5. Workload management
Many data warehouse vendors today promise intelligent automation that makes it easy to manage workloads, but AI and automation technologies are in their infancy.
“There’s no such thing as a clairvoyant product that understands your workloads, workload priorities and SLAs [service-level agreements] with zero guidance from humans,” Henschen said.
But some data warehouse platforms do make it easier to set priority levels and assign resources. “They’re letting the product make all sorts of query tuning, data tiering and caching decisions behind the scenes,” he said.
The question is, does the data warehouse just keep adding more computing capacity if there’s a problem? That can increase costs unnecessarily compared with tweaking other performance-related options.

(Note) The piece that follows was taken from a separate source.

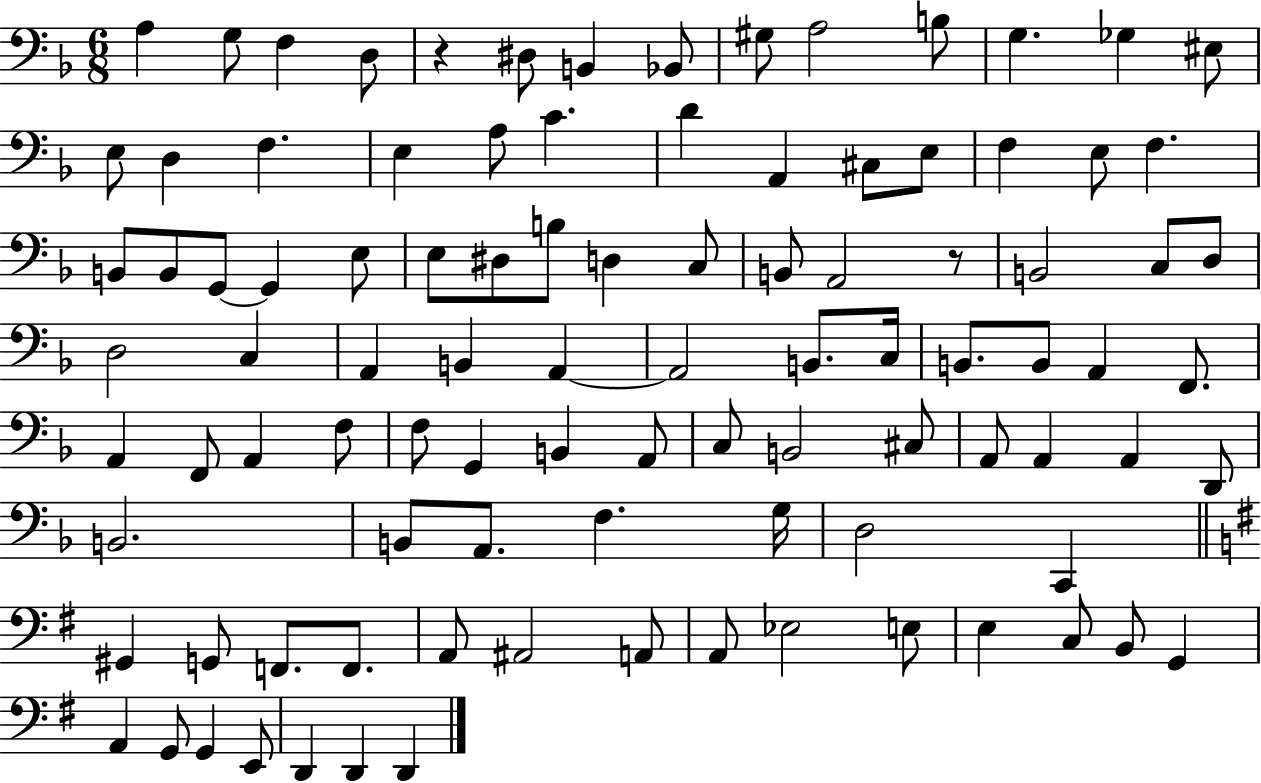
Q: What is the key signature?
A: F major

Henschen said he’s seen organizations end up with more capacity than they planned for.
“Keep in mind that some automation features consume compute cycles to monitor and optimize performance,” he added. The automation that’s designed to make the warehouse more efficient can itself reduce efficiency.

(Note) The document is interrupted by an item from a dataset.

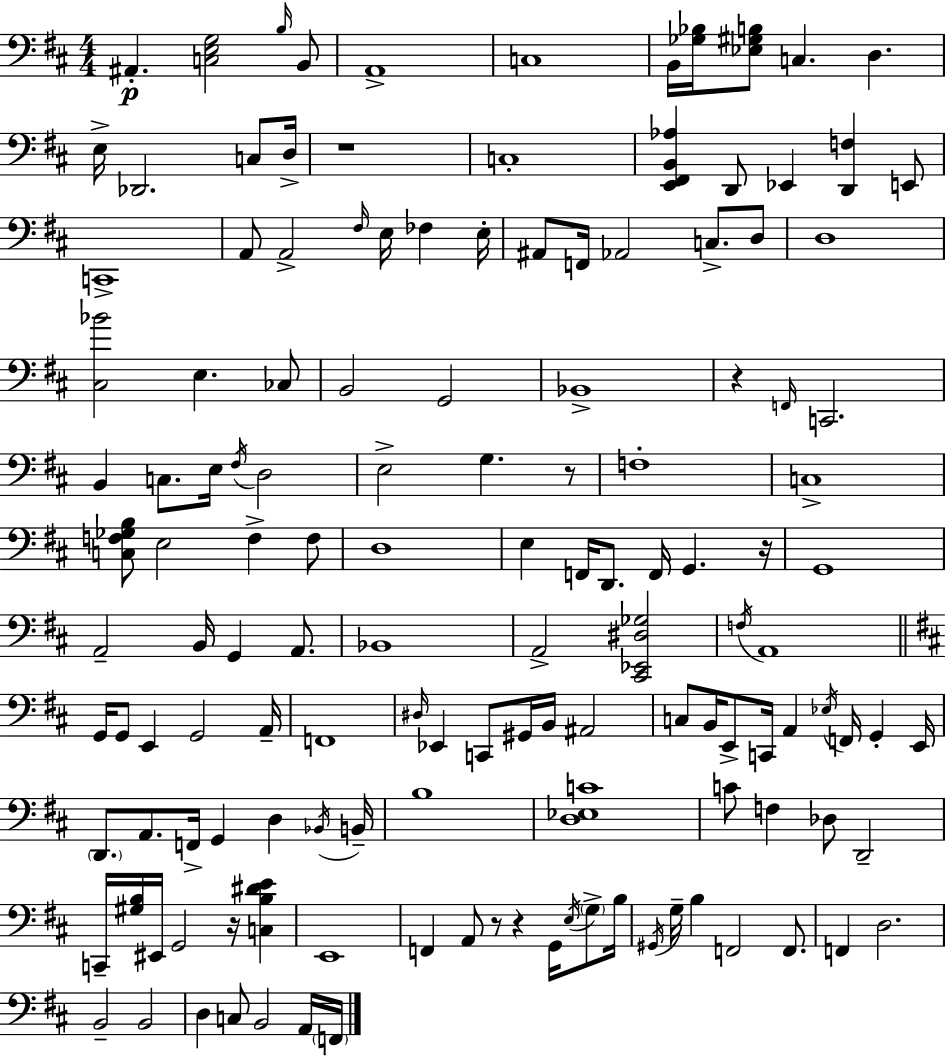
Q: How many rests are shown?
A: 7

The flip side is that a less automated warehouse may offer many more fine-grained, manual controls, but then it will require a lot of work and specialized skills to keep it optimized. “Buyers of nonautomated systems complain about people costs and the difficulty of finding and hiring skilled staff,” Henschen said.
Plus, the older platforms often give discounts to customers if they buy capacity in advance. That means companies that buy a year or three years ahead of time might wind up overprovisioned and spending a lot more money than they needed to spend.
“Experience is the best teacher,” Henschen said. “Talk to existing customers about their performance and capacity-planning experiences.”
The future of data warehouses
The major alternatives to data warehouses are data lakes. While data warehouses have structured, well-organized data, data lakes are more free-form. The data can come in a variety of formats, and then AI and machine learning tools read this data.
But since the data in data lakes isn’t well organized, it’s harder to get value out of it, Gartner analyst Adam Ronthal said, and it requires data science expertise. One of the first things companies typically do with a data lake is add a layer of optimization to make some sense of the data.
“We can bring it back to where the business analysts can get value from it,” Ronthal said. “Very few people can get value from raw data sets.”
The result starts to look more and more like a data warehouse. Meanwhile, data warehouses have been adding support for unstructured data.
So, data warehouses and data lakes are converging into something called a data lakehouse, Ronthal said. It combines the data science focus of the data lake and the analytics power of the data warehouse.
“All the traditional data warehouse approaches are reaching into cloud data stores to implement data lake options,” Ronthal said. “And all those that started out as data lakes are layering in layers of optimization so they can be data warehouses.”